At this point I usually like to remind people what they actually mean by determinism, and to point out that the concept isn't so easy.
Determinism is usually understood to be the principle by which "if we know everything about the current state of the universe, and we know the correct laws of physics, then we can determine uniquely what will be the future state of the universe".
In fact, of a given theory, it is pretty simple to find out whether it is deterministic or not: does the theory in question allow you to calculate what is the future state of a universe that follows exactly the theory, if you know whatever is to be (according to the theory) the current state, and the laws the theory stands for ?
Typically, Newton's mechanics is considered to be deterministic, up to one caveat: the fact that the "current state of the universe" in Newtonian mechanics is given by real numbers (positions and momenta), and that we don't know how to even write down the vast majority of real numbers (let alone "measure" it). This caveat is what gives rise to the field of "deterministic chaos". But apart from that, it is deterministic in that knowing current positions and momenta of all matter points and the correct force laws, allows you to know in principle the positions and momenta of those matter points in the future.
So there is already a caveat in Newton's mechanics itself (deterministic chaos), but moreover, the universe described by Newton's laws looks only approximately to the "real" universe.
The same can be said about classical electromagnetism (Maxwell's laws) and about classical relativity.
As others pointed out, quantum theory killed the idea.
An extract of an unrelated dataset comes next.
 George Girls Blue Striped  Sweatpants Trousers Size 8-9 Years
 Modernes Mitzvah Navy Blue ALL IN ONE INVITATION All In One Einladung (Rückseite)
Now, there are interpretations of quantum theory which would make nature appear again as "deterministic", but where there is some property of nature which is part of the theory itself which doesn't allow any being of KNOWING the precise state of the universe at a certain moment (I'm thinking of Bohmian mechanics here). This means that even though nature might "be" deterministic, we cannot "exploit" that property because of some principle, which will forbid us to "know" the current state beyond a probabilistic description, and this probabilistic description will then propagate to the end result, only allowing for probabilistic predictions - as does standard quantum theory.
But I always like to throw in the following. When we talk about "laws of nature", usually we think about relatively succinct mathematical formulations: relatively "simple" mathematical structures that generalize easily to the situation at hand. But this doesn't need to be so. You could think of another kind of law of nature, one in which all past and future events are simply summed up in some kind of table. Call it "the Book". Now, we don't have "initial conditions" and a rather simple calculation rule on how to deduce future events, we simply have the full list of all events in the universe, as a "law of nature". There's of course no way to DISCOVER this "law of nature", but it is conceivable as law of nature. In fact, it is rather more amazing that extreme simplifications are possible, which reduce to just a few simple mathematical structures, applicable to a vast array of conditions.
So, in Newton's world, instead of giving you a simple differential equation from which we can DEDUCE all positions of matter points as a function of time, where this differential equation is the "law of nature", the law of nature in "the Book" would then simply be the functions of time which give us the positions of the matter points themselves. These functions are of course way more involved than just the differential equation to which they appear to be a solution, but that's just a matter of complexity of the laws of nature. What is amazing in physics, is that there are such immense "short cuts", such as a differential equation.
But let us for a moment imagine that the "true" laws of nature are just the "list of all events" (the Book). Now, is that "deterministic" or not ? On one hand, of course it is! If ever you had the Book, you could just READ what's going to happen, the future events are specified without any ambiguity. So it is of course deterministic. But there doesn't need to be a "law" that allows you from just the slice of "now" events to deduce the next slice of events. There may be only a statistical correlation if you insist on a "simple" mathematical law (a kind of correlation that's given by a theory like quantum theory for instance).
Or we could have a totally "random" universe, with no correlation between different slices of events. No causality at all, not even a probabilistic causality. This would be a very weird place to live in and certainly it is not our universe. But it is conceivable and it is even conceivable to have such a totally random universe, described by a very precise "Book", one in which every event is listed, but in which there are no obvious "simple" correlations between events in different time slices.